By integration of the liquefied natural gas liquefier system with a nitrogen rejection unit, the overall system becomes more compact and efficient. This further enables the operator to maximize methane recovery while maintaining high liquefied natural gas product purity while enable a smaller nitrogen rejection unit. The invention further allows the operator to optimize power consumption while allowing for significantly higher product purity and methane recovery than conventional or unitegrated NRU and liquefier combinations which are limited to 96 mol % methane and 80% methane recovery.


SUMMARY OF THE INVENTION

The invention is a method for recovering liquefied natural gas comprising the steps:


Feeding a natural gas stream containing impurities to a nitrogen rejection unit;


Feeding the purified natural gas stream to a liquefier heat exchanger;


Expanding the liquefied natural gas and feeding the expanded liquefied natural gas to a flash vessel;


Flashing the liquid natural gas and separating the liquefied natural gas from the flash gas;


Feeding the liquefied natural gas to storage and the flash gas to said nitrogen rejection unit.


Alternatively, the invention is a method for recovering liquefied natural gas comprising the steps:


Feeding a natural gas stream containing impurities to a nitrogen rejection unit;


Feeding the purified natural gas stream to a liquefier heat exchanger;


Expanding the liquefied natural gas and feeding the expanded liquefied natural gas to a flash vessel;


Flashing the liquid natural gas and separating the liquefied natural gas from the flash gas;


Recovering refrigeration from said flash gas; and


Feeding the liquefied natural gas to storage and the flash gas to said nitrogen rejection unit.


The invention further comprises an apparatus comprising a nitrogen rejection unit, a liquefier heat exchanger and a flash vessel.

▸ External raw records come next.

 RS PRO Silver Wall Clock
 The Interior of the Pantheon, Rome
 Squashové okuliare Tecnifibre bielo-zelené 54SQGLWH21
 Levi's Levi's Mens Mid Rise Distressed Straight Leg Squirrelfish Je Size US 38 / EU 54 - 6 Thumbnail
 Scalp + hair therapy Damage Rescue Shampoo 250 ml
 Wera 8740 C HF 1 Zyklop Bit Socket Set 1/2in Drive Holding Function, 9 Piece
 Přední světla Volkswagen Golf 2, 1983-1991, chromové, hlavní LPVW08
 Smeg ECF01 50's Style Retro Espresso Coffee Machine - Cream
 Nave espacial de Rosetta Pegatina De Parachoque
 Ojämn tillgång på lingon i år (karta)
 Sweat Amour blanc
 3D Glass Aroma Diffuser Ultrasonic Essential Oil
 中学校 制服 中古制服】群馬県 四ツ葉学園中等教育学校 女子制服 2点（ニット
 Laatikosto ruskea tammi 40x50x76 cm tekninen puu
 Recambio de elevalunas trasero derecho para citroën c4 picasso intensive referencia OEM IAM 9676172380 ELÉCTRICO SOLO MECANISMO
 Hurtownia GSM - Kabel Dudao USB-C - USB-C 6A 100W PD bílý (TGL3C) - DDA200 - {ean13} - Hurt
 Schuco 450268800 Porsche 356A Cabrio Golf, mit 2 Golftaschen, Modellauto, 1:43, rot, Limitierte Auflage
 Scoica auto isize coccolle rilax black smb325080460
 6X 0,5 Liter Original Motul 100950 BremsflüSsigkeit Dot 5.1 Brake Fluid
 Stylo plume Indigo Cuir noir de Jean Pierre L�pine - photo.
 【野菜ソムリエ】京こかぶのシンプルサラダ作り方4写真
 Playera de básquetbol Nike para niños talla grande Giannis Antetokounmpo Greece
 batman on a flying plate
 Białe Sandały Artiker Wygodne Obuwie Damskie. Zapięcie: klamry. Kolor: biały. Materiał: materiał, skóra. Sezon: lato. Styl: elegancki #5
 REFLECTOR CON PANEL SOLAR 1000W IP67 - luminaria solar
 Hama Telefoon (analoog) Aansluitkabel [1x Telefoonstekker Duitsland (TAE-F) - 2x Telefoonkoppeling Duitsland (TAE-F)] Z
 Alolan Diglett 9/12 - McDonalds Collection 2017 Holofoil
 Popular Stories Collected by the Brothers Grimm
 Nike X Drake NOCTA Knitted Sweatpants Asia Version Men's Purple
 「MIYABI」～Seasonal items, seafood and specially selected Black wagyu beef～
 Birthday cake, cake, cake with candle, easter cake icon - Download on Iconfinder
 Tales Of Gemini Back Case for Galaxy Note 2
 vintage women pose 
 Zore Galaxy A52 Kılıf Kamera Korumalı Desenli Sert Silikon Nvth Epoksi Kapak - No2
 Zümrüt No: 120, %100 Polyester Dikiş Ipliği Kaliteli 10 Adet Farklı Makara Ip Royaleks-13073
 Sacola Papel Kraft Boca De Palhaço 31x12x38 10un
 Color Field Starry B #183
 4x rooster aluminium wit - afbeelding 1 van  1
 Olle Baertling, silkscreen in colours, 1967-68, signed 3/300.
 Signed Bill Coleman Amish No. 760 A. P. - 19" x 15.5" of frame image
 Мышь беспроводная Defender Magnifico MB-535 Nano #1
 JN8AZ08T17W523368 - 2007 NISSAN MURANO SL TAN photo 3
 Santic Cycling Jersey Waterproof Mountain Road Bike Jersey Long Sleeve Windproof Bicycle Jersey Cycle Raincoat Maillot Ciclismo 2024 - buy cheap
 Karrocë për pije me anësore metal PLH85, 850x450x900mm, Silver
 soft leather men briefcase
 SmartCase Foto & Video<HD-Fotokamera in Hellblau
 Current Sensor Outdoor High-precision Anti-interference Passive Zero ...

The raw feed gas is first compressed and pre-conditioned which entails the removal of water, carbon dioxide, non-methane organic compounds (NMOCs) and sulfur compounds by known methods. The partially purified gas is fed to the nitrogen rejection unit where much of the nitrogen is rejected. Since product purity and methane recovery are inversely related, nitrogen rejection is limited to maximize the methane recovery for the smallest equipment cost. The resulting gas which contains significantly lower amounts of inerts is fed to the liquefier heat exchanger where it is liquefied at pressure to a subcooled state. Typical pressures range from 30 bar to 6 bar with a tradeoff between mixed refrigeration compressor power and compression power for the purification system. This liquid is expanded through a valve whereby further cooling is effected to about 2 bar (range is 1 to 5 bar).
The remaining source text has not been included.